### What you have to do:
Identify each line below that contains the word "номер", and copy it out.

(Web page caption snippets)
= Beginning of Section =

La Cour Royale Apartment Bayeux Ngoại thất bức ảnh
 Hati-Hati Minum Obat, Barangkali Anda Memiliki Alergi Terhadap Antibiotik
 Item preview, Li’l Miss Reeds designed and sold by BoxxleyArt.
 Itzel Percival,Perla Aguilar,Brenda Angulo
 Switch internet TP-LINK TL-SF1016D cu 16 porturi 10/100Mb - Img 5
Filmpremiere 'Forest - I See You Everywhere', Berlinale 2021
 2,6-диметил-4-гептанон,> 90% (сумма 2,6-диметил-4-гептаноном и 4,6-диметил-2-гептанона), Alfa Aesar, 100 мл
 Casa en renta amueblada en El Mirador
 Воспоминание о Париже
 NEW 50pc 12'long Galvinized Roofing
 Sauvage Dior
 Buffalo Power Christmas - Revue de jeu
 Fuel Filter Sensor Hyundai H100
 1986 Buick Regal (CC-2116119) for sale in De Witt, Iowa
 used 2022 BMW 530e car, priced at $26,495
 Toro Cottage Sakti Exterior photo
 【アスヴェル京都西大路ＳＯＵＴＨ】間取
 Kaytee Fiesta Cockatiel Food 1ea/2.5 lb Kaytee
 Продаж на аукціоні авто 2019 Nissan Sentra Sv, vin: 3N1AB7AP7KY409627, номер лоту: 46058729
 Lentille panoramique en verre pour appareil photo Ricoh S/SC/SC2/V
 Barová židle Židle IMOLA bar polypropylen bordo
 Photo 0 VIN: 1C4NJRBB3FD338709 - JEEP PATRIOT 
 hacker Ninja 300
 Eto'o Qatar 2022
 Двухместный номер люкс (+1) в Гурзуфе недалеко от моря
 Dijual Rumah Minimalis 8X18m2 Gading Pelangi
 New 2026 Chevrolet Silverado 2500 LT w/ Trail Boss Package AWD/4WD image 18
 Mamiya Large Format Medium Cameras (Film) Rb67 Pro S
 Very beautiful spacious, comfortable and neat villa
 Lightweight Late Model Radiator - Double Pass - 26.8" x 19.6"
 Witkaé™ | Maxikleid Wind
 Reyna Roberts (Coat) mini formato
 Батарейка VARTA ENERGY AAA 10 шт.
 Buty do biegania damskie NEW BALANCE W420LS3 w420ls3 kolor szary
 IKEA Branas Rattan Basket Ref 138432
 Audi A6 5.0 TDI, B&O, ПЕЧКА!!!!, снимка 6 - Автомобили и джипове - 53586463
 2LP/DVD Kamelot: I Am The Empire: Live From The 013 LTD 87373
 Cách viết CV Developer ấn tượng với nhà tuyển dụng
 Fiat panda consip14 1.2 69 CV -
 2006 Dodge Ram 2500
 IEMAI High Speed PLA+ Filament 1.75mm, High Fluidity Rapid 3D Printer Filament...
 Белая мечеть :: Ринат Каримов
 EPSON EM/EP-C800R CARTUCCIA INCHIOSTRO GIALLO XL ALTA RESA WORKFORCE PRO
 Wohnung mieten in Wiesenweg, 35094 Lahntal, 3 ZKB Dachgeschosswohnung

= End of Section =

### Result of the exercise:
 Продаж на аукціоні авто 2019 Nissan Sentra Sv, vin: 3N1AB7AP7KY409627, номер лоту: 46058729
 Двухместный номер люкс (+1) в Гурзуфе недалеко от моря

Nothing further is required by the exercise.